Don't dismiss this as completely obvious. It's not uncontroversial.

For example, the kernel is GPLed but will load and run programs
with incompatible licenses. Those programs make syscalls to
the kernel to perform system work; how is this permitted?
It is so different from an incompatibly-licensed program linking
to a GPLed library?

The ldso license is interesting (/usr/doc/ldso/copyright, possibly
only on potato or earlier systems). The commentary implies that
ld.so deliberately uses the BSD license because the GPL is too
strict. It also has the following paragraph:

 * It is the general understanding of the above contributors that a
 * program executable linked to a library containing code that falls
 * under the GPL or GLPL style of license is not subject to the terms of
 * the GPL or GLPL license if the program executable(s) that are supplied
 * are linked to a shared library form of the GPL or GLPL library, and as
 * long as the form of the shared library is such that it is possible for
 * the end user to modify and rebuild the library and use it in
 * conjunction with the program executable.

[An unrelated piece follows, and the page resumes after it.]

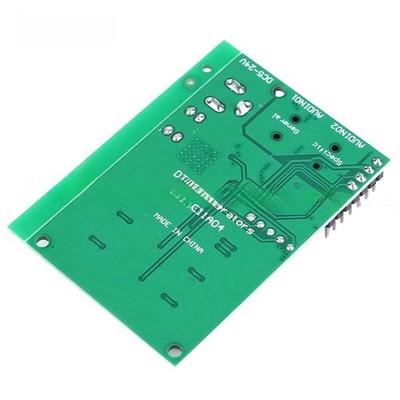 AE11A04 Audio Signal Generator Encoder f��r MT8870 CE004 CE005 524V Power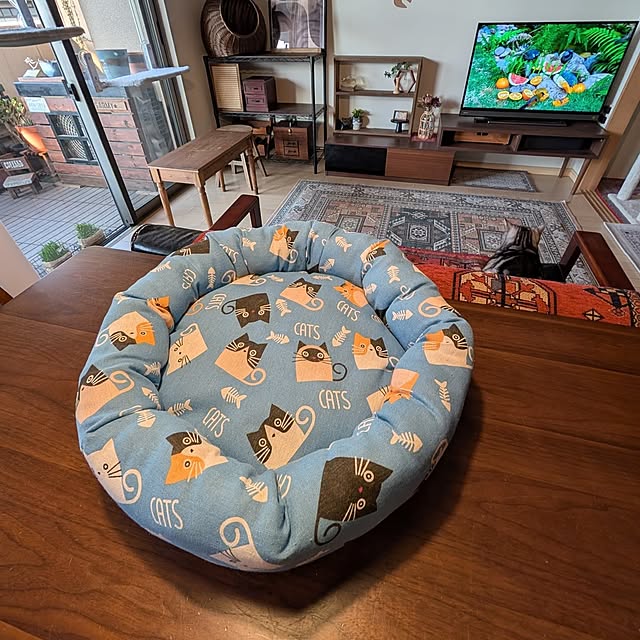 lovepeaceさんの実例写真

This seems to suggest that a program linking to a GPLed library
does not have to be GPLed itself. Interesting that the ld.so
license avoids being GPLed anyway to avoid this exact problem.

Tcl can dynamically load shared libraries so that scripts can
use library functions. tcl itself appears to have a BSD-type
license. What if a tcl script, using a non-GPL compatible
license, causes tcl to load a GPL library (eg libreadline)?
The script is being interpreted by the Tcl shell, it's not 
capable of being linked to anything itself.

libterm-readline-gnu-perl is a package of a Perl module to
use libreadline from Perl progams. According to the license,
it's available under the same terms as Perl ie your choice
of GPL or the Artistic license. But since any combination
of GPL program + a GPL-compatibly-licensed program must
by GPLed, you really can't use it under the Artistic license
at all ie the GPL always dominates. So non-GPL programs
apparently can't use that library.

Getting off-topic a bit, there's an interesting clause in the 
license for libio, in /usr/doc/libc6/copyright (on potato anyway).

   As a special exception, if you link this library with files
   compiled with a GNU compiler to produce an executable, this does
   not cause the resulting executable to be covered by the GNU General
   Public License.  This exception does not however invalidate any
   other reasons why the executable file might be covered by the GNU
   General Public License.

Why does the license require you to use a GNU compiler? Bizarre.

Just some thoughts,

Hamish
-- 
Hamish Moffatt VK3SB [EMAIL PROTECTED] [EMAIL PROTECTED]



Re: linking to GPL'd libraries WAS Re: One unclear point in the Vim license

2002-01-04 Thread Thomas Bushnell, BSG
Hamish Moffatt [EMAIL PROTECTED] writes:

 Don't dismiss this as completely obvious. It's not uncontroversial.
 
 For example, the kernel is GPLed but will load and run programs
 with incompatible licenses. Those programs make syscalls to
 the kernel to perform system work; how is this permitted?

Because the kernel is not one program together with the applications
it runs.

 It is so different from an incompatibly-licensed program linking
 to a GPLed library?

Yes, it is different.  One is a program making callouts to a different
entity, the kernel.  The case we were talking about is that of library
linking. 

 The ldso license is interesting (/usr/doc/ldso/copyright, possibly
 only on potato or earlier systems). The commentary implies that
 ld.so deliberately uses the BSD license because the GPL is too
 strict. It also has the following paragraph:

The ldso people don't have any ability to change the licenses of the
actual authors of the libraries in question.  

There are lots of different cases.  A great deal of difficulty is
caused by people asserting that totally different cases must all be
treated the same way.  Post one case at a time, and not a giant spew
of a jillion examples, as if they all argued for one single point.
Each separate case is a separate discussion.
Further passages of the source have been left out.